*WHAT TO WORK ON*
What is needed is a word-for-word transcript of the listing, free of pictures.

*COLLECTED MATERIAL*
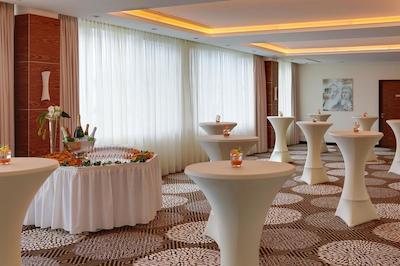 استیجنبرجر اسپلاناد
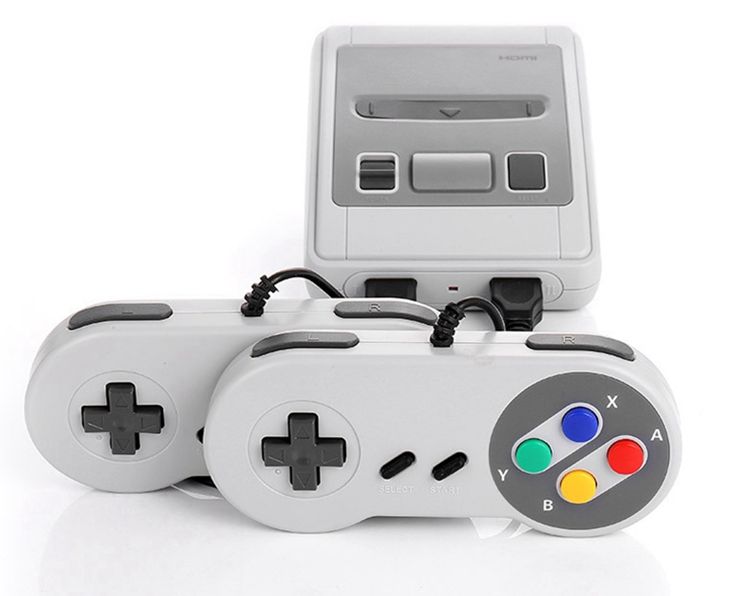 sfc game console
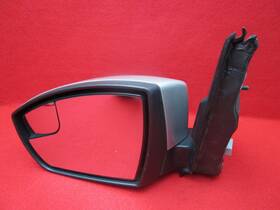 Cj54-17683-be Ford 13 14 15 16 Escape Titanium 2.5l Driver Left Side 3 Wire Power Door Mirror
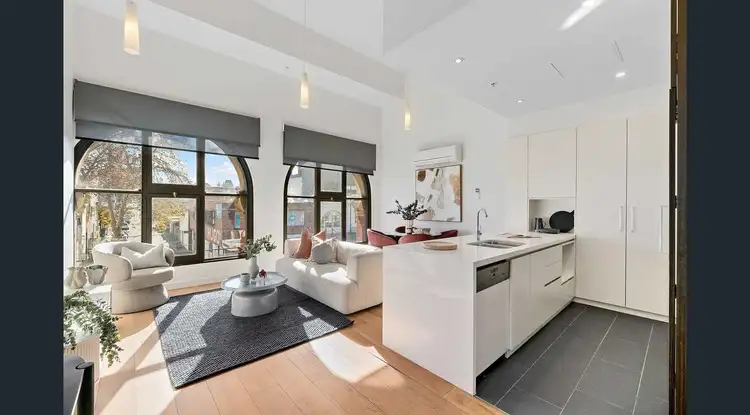 216/140 Swan Street, Richmond VIC 3121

*TASK SOLUTION*
 استیجنبرجر اسپلاناد
 sfc game console
 Cj54-17683-be Ford 13 14 15 16 Escape Titanium 2.5l Driver Left Side 3 Wire Power Door Mirror
 216/140 Swan Street, Richmond VIC 3121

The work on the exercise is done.